Estimer et prévenir le gaspillage des ressources

To minimize resource waste on our clusters, we present the most common errors observed among our users, along with the corrective actions to apply. Examples are divided into three categories: CPU, GPU, and memory.

The various graphs are from the Narval and Béluga portals and are presented on the following page: Portal.

CPU¶

Requesting multiple cores for a serial task.¶

A serial task is one that runs on a single processor or compute core at a time, without parallelism. Unlike parallel tasks that can mobilize multiple processors or cores simultaneously to accelerate processing, serial tasks follow a strictly sequential execution. Memory is shared by processes and threads.

Here is an example of a submission script for a serial task. Only one core is requested using the option --cpus-per-task=1.

simple_job.sh

#!/bin/bash
#SBATCH --cpus-per-task=1
#SBATCH --mem-per-cpu=4G
#SBATCH --time=02:00:00
#SBATCH --account=def-someuser

module load python/3.11

python3 mon_script.py

What does a serial task look like in the portal interface?

The vertical scale of the CPU graph is set to 1, corresponding to one requested core. Usage is represented in blue and completely fills the graph, indicating nearly 100% utilization.

The memory graph shows different parameters. Those to monitor are the total allocated memory and the maximum used memory.

Memory allocation

It is recommended to allow a margin of about 20% to avoid an "Out of Memory" (OOM) error.

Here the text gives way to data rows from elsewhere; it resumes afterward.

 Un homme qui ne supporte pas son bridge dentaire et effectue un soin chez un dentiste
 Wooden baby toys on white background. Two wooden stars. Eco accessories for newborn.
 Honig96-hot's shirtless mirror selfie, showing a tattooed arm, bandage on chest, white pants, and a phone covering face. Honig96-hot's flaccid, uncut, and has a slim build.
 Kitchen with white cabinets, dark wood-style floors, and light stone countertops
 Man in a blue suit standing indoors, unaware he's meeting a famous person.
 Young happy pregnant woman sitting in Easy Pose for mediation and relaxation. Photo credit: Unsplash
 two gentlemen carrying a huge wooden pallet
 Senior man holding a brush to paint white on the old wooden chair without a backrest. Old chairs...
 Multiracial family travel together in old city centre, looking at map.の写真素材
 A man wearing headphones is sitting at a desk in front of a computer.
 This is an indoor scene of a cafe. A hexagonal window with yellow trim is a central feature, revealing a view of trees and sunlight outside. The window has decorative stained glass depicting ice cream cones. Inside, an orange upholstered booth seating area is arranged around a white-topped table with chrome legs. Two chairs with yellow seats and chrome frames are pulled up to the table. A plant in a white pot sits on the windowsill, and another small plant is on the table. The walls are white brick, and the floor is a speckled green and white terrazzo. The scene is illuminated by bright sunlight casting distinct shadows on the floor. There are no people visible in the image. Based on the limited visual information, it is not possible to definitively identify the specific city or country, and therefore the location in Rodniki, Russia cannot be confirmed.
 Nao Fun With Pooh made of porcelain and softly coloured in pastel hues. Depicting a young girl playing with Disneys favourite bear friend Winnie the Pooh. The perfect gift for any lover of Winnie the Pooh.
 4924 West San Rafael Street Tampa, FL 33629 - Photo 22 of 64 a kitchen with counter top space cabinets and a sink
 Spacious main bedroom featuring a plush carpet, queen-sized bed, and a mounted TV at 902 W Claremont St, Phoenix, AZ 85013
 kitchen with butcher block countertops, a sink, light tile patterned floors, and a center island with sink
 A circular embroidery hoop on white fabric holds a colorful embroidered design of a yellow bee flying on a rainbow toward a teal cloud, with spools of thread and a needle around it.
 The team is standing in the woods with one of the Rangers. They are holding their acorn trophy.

In the context of a serial task, the Processes and threads graph indicates one active thread ("Running threads"). This information is represented by the orange line.

What happens if you request multiple cores for a serial task?

Here is an example of a submission script for a serial task that requests 8 cores instead of just one (--cpus-per-task=8).

simple_job.sh

#!/bin/bash
#SBATCH --cpus-per-task=8
#SBATCH --mem-per-cpu=32G
#SBATCH --time=03:00:00
#SBATCH --account=def-someuser

module load python/3.11

python3 mon_script.py

In the CPU graph, although the vertical scale represents a total of 8 cores as requested, we observe that only one core is active. The activity of the various threads remains below the utilization of a single core. In this example, 7 cores are wasted. The fix would be to request only 1 core instead of 8 (--cpus-per-task=1).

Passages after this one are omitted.